Scritto per il blog de Il Fatto Quotidiano il 14/07/2013
Quando c’è di mezzo il colore della pelle, o qualche
complicazione etnica, la giustizia americana fatica a essere giusta. Spesso, va
nel senso che chi ammazza, o pesta, un nero, specie se è un agente di polizia
bianco, può cavarsela con poco, o nulla, almeno fin quando una sommossa razziale
non induce la magistratura, magari federale, a rivedere i fatti e le carte –è
il paradigna Rodney King-. Però, può anche andare che un nero che ammazza la
moglie bianca e un di lei amico viene assolto perché il suo avvocato convince
la giuria che la condanna sarebbe frutto di un pregiudizio etnico –è il
paradigma OJ Simpson-. E le cose si complicano ulteriormente, quando le etnie
s’intrecciano, ispanici, asiatici, neri, bianchi.

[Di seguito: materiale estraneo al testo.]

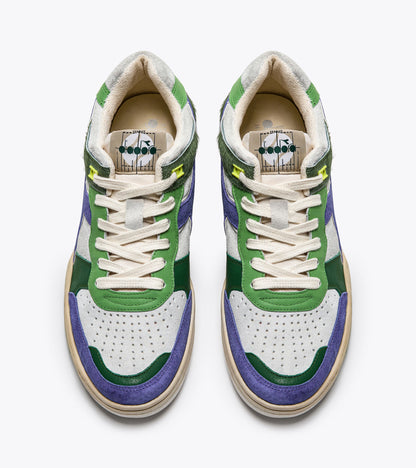 Diadora B.560 Used Ww Italia Formal Garden/White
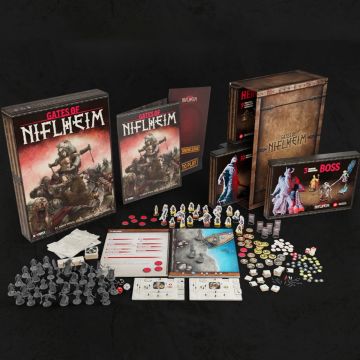 Gates of Niflheim - Deluxe Set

L’assoluzione di George Zimmerman, 29 anni, origini
ispaniche, dall’accusa di essere penalmente responsabile della morte di Trayvon
Martin, 17 anni, afroamericano, pare confermare quanto sia difficile essere
giusti, in casi del genere: il verdetto ‘non colpevole’ è stato emesso dai
giurati –sei, tutte donne- dopo 16 ore di camera di consiglio.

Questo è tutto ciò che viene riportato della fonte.